Authors
Alberto Docampo-Seara, Mehmet Ilyas Cosacak, Kim Heilemann, Friederike Kessel, Ana-Maria Oprişoreanu, Markus Westphal, Özge Çark, Daniela Zöller, Josi Arnold, Anja Bretschneider, Alisa Hnatiuk, Nikolay Ninov, Catherina G Becker, Thomas Becker
Published in
PLoS biology.

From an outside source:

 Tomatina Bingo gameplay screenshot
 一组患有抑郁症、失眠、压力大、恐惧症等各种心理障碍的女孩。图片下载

Volume 24. Issue 6. Pages e3003865. Jun 18, 2026. Epub Jun 18, 2026.
Abstract
Zebrafish, in contrast to mammals, regenerate neurons after spinal cord injury, but little is known about the control mechanisms of this process. Here we use scRNA-seq and in vivo experiments to show that sema4ab, mainly expressed by lesion-reactive microglia, attenuates regenerative neurogenesis by changing the complex lesion environment. After spinal injury, disruption of sema4ab doubles the number of newly generated progenitor cells and neurons but attenuates axon regrowth and recovery of swimming function. Disruption of the plxnb1a/b receptors, selectively expressed by neural progenitor cells, increases regenerative neurogenesis. In addition, disruption of sema4ab alters activation state and cytokine expression of microglia, such that fibroblasts increase expression of the cytokine tgfb3, which strongly promotes regenerative neurogenesis. Hence, we propose that sema4ab expression in microglia attenuates regenerative neurogenesis in multiple ways, likely directly through plxnb1a/b receptors and indirectly, by controlling the inflammatory milieu and tgfb3 levels. Targeting Sema4A-dependent signaling in non-regenerating vertebrates may be a future strategy to improve regenerative outcomes.
PMID:
42313864
Bibliographic data and abstract were imported from PubMed on 19 Jun 2026.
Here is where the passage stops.